It looks even better at night:


On Saturday afternoon I go to pick up Thursday's plate and Wednesday's pieces. I definitely feel as if something has changed, but whether it is within me our outside of me I can't tell.




I hang around for a while, sanding down the bottom of the plate to a clear finish, the first time I've bothered to go that far. We have some commiserating about Thursday to do. There is gossip: "I heard somebody recorded it." 

When I get home, I place some Tuesday apples on Thursday's plate. My plan is to glue them together and submit them to the student art show.







VI: Lattice in a Box Mold

What happened on Thursday is something I'd seen before. I grew up in a household where abusive language and psychological aggression were the norm. It messed me up. To survive, I had to create the tools I'd need to rebuild myself and to interpret and guard against abusive behavior in others and myself. As a kid, I defended myself by mentally checking out. As an adult, I learned to push back in a way that wouldn't escalate the situation. But I'd still find myself no longer giving a damn about wherever I was. 

On Tuesday nights with All The Glass and All In, I'm all in. 

Thursday nights feel dead to me. I'm be there to pick up my work from Tuesday, but I no longer feel eager to hang around to help with a demo. 

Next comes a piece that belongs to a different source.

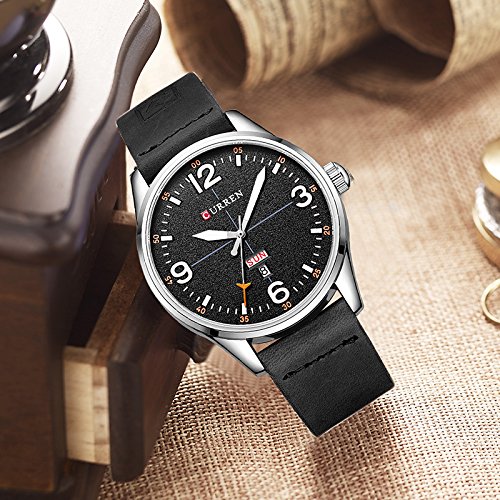 CURREN Fecha Semana Hombre Reloj Marca Deporte Militar Negocio Reloj Masculino Relojes de Pulsera de Cuero Negro - Imagen 4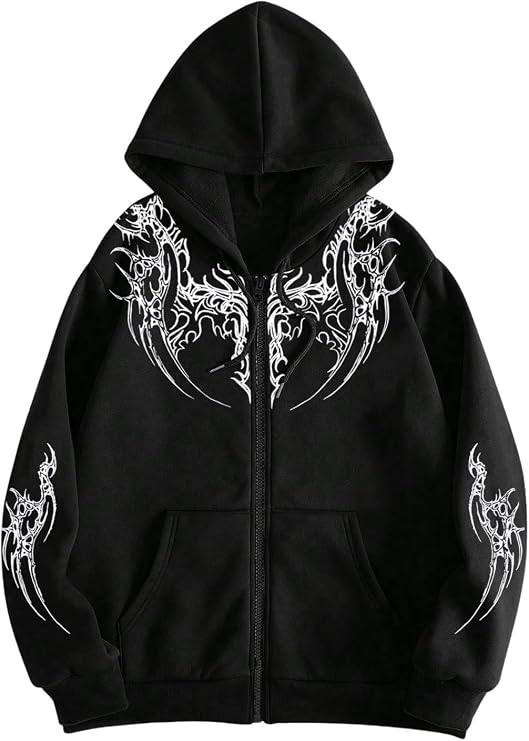SHENHE Men's Zip Up Graphic Hoodie Long Sleeve Drawstring Sweatshirt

Between asleep and awake in the wee hours of the next Tuesday morning, I see myself making a lattice pattern and dropping it into the square mold. When I get to class, I try it. 

Things do not go well the first times out. I'm bad enough with molds as it is, and now I have to use two molds three times in one piece. Several attempts don't even get that far.

The tops are so bad that all I can do is to spin them out.


The first one comes out of the annealer with little holes and sharp edges. It has cracks all over. I take it home, but it goes right back two days later to meet its end in the smash bucket.



The second one fares a little better.



I'd used a shop pipe instead of my own. The pipe was full of charred metal. I'm storing various bike lights and charging cables in this one.


Once I finally get the top to work, it's because I didn't blow out the bottom enough. This brick goes to the student sale box.


Finally, I have a keeper.


It's ridiculously thick, but at least it has the shape and pattern I'd seen in my half-dream.



At the other bench, All In is working solo. Again. He's already bought his own tools, signed up for some summer classes, and is contemplating buying himself an all-in-one studio setup that he could wheel in and out of his garage. That is a lot for someone who has been blowing glass for two months. But it gets me thinking, as I give myself yet another blood blister from a pair of diamond shears that won't cut, that I ought to buy myself my own tools. I'd already compared my hand size with Sage's and found it equal. She'd given me the name of the artisan to made her tools. I contact him and order a full set.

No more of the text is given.